> What you should do
A faithful copy of the entries is needed, one that leaves out the pictures.

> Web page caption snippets
────────

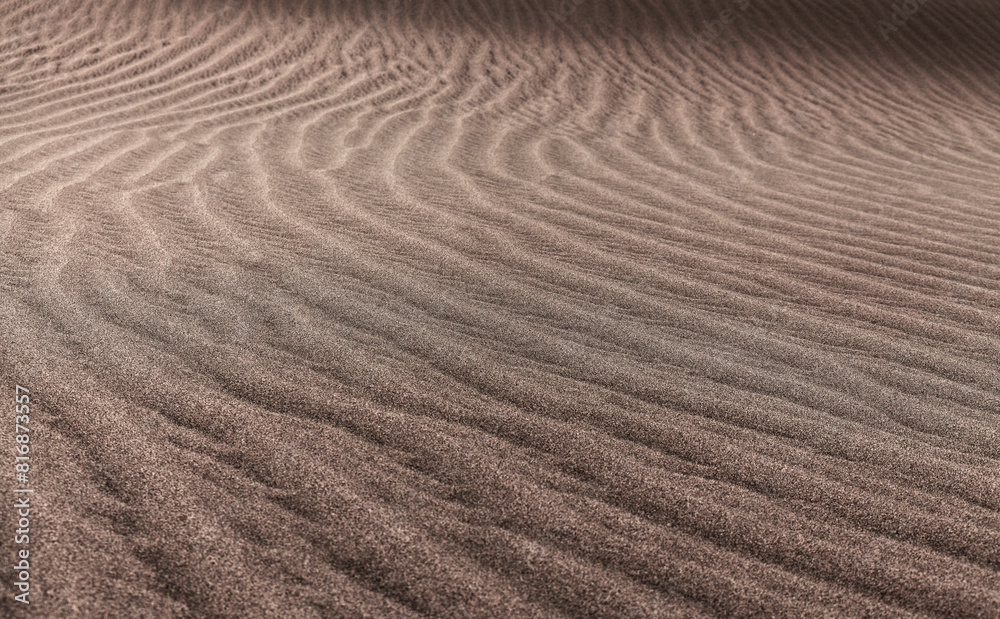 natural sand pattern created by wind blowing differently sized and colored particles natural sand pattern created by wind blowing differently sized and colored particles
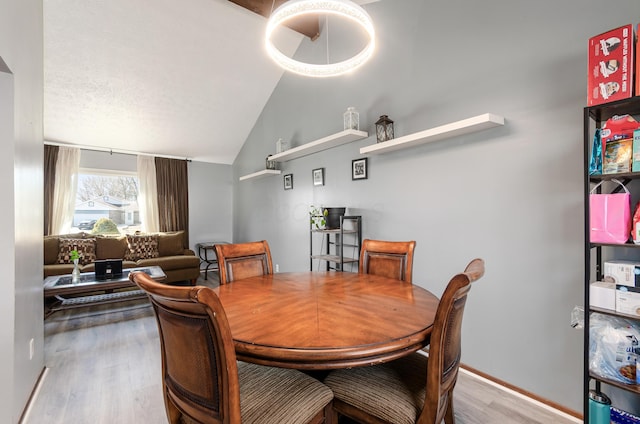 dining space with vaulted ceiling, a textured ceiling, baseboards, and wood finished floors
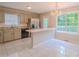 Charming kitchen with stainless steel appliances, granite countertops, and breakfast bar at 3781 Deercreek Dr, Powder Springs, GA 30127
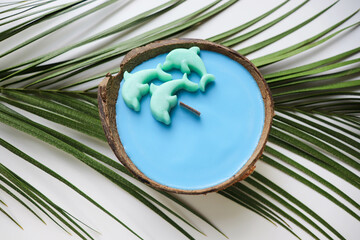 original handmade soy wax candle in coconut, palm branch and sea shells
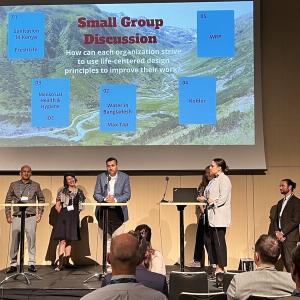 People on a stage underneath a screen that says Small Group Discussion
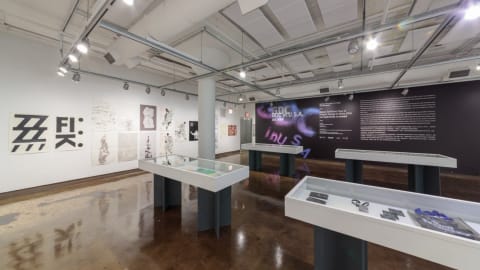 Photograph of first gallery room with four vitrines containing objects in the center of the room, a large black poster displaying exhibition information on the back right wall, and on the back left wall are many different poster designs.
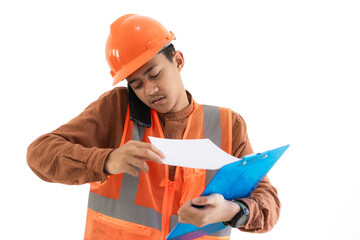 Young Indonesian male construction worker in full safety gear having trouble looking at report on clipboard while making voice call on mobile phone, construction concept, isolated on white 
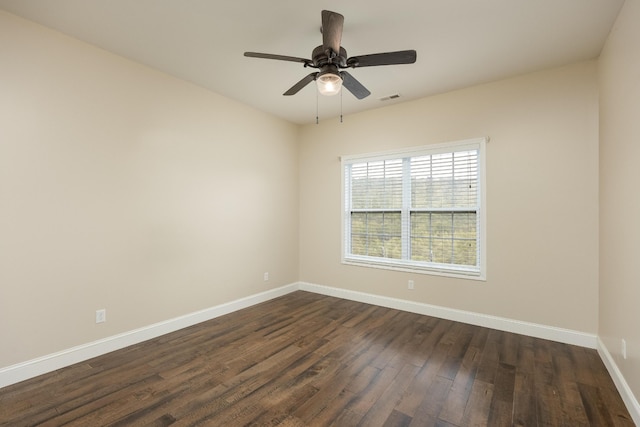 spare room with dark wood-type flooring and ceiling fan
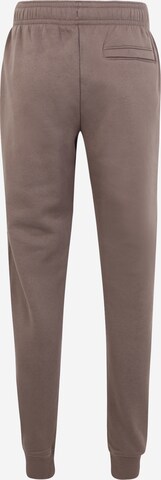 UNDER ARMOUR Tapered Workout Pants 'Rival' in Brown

────────

> Reply
 natural sand pattern created by wind blowing differently sized and colored particles natural sand pattern created by wind blowing differently sized and colored particles
 dining space with vaulted ceiling, a textured ceiling, baseboards, and wood finished floors
 Charming kitchen with stainless steel appliances, granite countertops, and breakfast bar at 3781 Deercreek Dr, Powder Springs, GA 30127
 original handmade soy wax candle in coconut, palm branch and sea shells
 People on a stage underneath a screen that says Small Group Discussion
 Photograph of first gallery room with four vitrines containing objects in the center of the room, a large black poster displaying exhibition information on the back right wall, and on the back left wall are many different poster designs.
 Young Indonesian male construction worker in full safety gear having trouble looking at report on clipboard while making voice call on mobile phone, construction concept, isolated on white 
 spare room with dark wood-type flooring and ceiling fan
 UNDER ARMOUR Tapered Workout Pants 'Rival' in Brown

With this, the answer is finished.